4人部屋は、部屋の両側にロッカー・2段ベット・机が並ぶ。そこに入るだけの荷物を持って入る。
部屋には電気コンセントがない。電気を使う時は「裁縫室」に行く。
「裁縫室」にはアイロンやミシンを使うためのコンセントがある。
私達は洗った髪をかわかすために、毎晩、「裁縫室」でコンセントの順番待ちをした。

電話は、かける方は7台くらいあったが、受ける方は500人に対して3台しかない。
しかも、取り次ぎ時間は、決まっている。
たしか5時半〜9時だったように記憶している。電話は電話当番が受ける。

これが「チケットぴあ」よりも熾烈な戦いと言われた。
私の実家から電話をかける場合は、まず母がダイヤルをまわし、父がまわし、弟2人が順番でまわし、また母がまわし.....と永遠に繰り返したそうだ。
ちなみに、今と違って、あの黒のダイヤル式の電話だから、再ダイヤルなんて気のきいたボタンはない。
ダイヤルをまわしすぎて指が痛いと文句を言われる。

電話当番が電話を受けると、マイクを使って呼び出しをする。
「214号室のオヤマさ〜ん、お電話です〜〜〜」と部屋のスピーカーに流れる。
それを受けて、スタコラサッサと電話のあるロビーに向かう。
電話に出ると、まず第一声が、
「あんだ〜〜〜、大変だったでば〜〜〜、かがんね〜ごど(かからないわよ)」と文句を言われる。
それに「電話に出るのが遅い」とまで言われる。
「だって、部屋からロビーは遠いんだし、そんな事は学校に言ってくれ」と思うが、どうせラチがあかないから「それより用件は何?」と聞くわけだ。
用件のほとんどが、「元気にしているか?」とか「勉強はついていけているか?」とかそんな事だった。

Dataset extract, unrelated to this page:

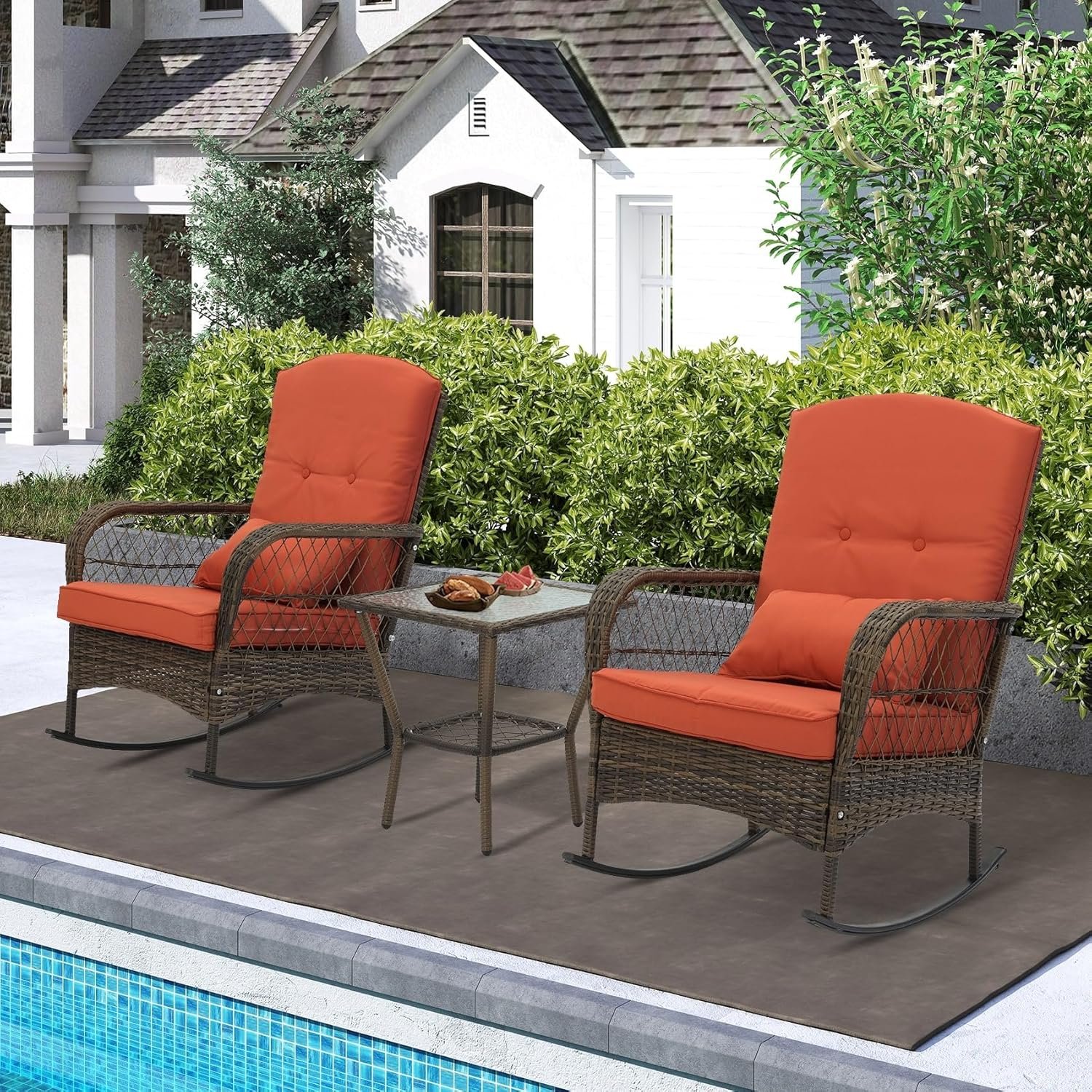 3 Piece Rocking Bistro Set Wicker Outdoor Patio Chairs Rattan Conversation Sets with Coffee Table for Patio, Porch, Backyard, Balcony, Deck, Poolside and Garden (Rose Red) - Image 8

運悪く、電話がかかった時に風呂に入っていたり、まだ帰っていなかったりすると、次に電話に出た時は100倍・大変だ。
「あんだだら〜、いづまでかづまで遊んでんだがぁぁぁぁ〜〜〜」
(あなたは、いったい何時になるまで遊んでるんですか!)とくる。

ちなみにかける方も、並んで待ってかけるから面倒だ。
食堂前の電話ボックス(というにはおこがましいが)には、いつも人が並んでいた。
今とちがって、キャッチホンのない時代だから、並んでかけたのに話し中だったりすると、また長い列の最後尾につける。
それがやっぱり9時だったか、9時半だったかになると、電話担当の先輩がやってきて、無情にも鍵をかけてしまう。

携帯電話がこれほどまでに普及した現代では、まったく考えられないよね。